St. Pete City Council sends artist back to drawing board on pier installation

- The St. Pete City Council sent an artist back to the drawing board after residents voiced opposition to a giant piece of art that would have accompanied the new pier.

The council voted 4-3 to ask for more options.

Artist Janet Echelman thought Spa Beach was the perfect place for her specialty: A giant, colored net made of space-age fabric, supported by metal poles between 35 and 60 feet high.

"I could instantly imagine the wind coming off the water, bringing life and breath into the movement to the sculptural net," she told FOX 13 during a phone interview from her home in Boston.

At a city council meeting on Thursday, not everyone was as warm-and-fuzzy about the 200' by 60' billowy net that city planners wanted to place to the north of the new pier on Spa Beach.

"This spot is the wrong spot at the wrong time for this particular piece," said one speaker.

"Nothing should go on Spa Beach, much less a large structure," said another.

"I think it is going to be wonderful and see the pier," said downtown resident Hugh Tulloch. "But I am concerned this thing is going to be in the way."

Echelman insisted that during the day it would be largely translucent. She says it can also withstand hurricanes.

The city claims that anonymous donors will pay for most of the $1.8 million purchase price. There is an additional cost of about $1.3 million the city would spend to put it up.

"We think it is going to bring international attention and national attention to the city of St Petersburg," said Kyle Parks, the organizer of a group that supports the artwork.

But the city council chair was hung up on that last point, that the donors the mayor organized are not public.

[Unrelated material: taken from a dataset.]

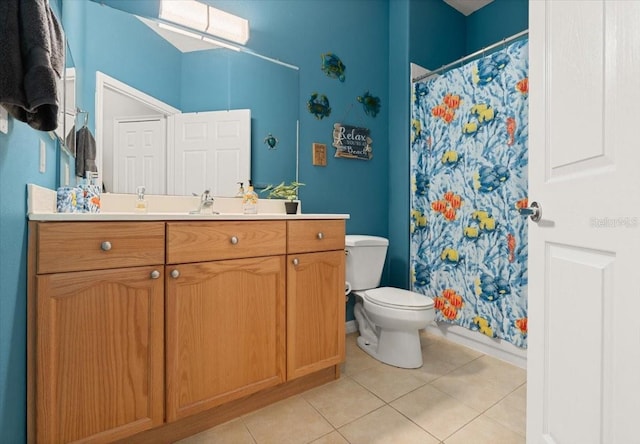 bathroom featuring a shower with curtain, tile patterned flooring, vanity, and toilet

"I need to know that if somebody is going to come to me for a major contract, or recommended for a major contract, I need to know, the public needs to know, that they didn't just make a donation," said councilor Steve Kornell.

City councilors, though, didn't want to lose the chance to buy Echelman's art, which is on display worldwide. 

They voted to see if she would consider a new placement at Spa Beach, a different location near the pier, and for the mayor to ask donors if they would agree to reveal themselves.

"They would want the citizens of St. Pete to interact with the nature and the art together," said councilor Charlie Gerdes. "I don't think the nature and the art are mutually exclusive. I don't think you have to choose between one or the other."

The artist has until August 2 to present alternative options.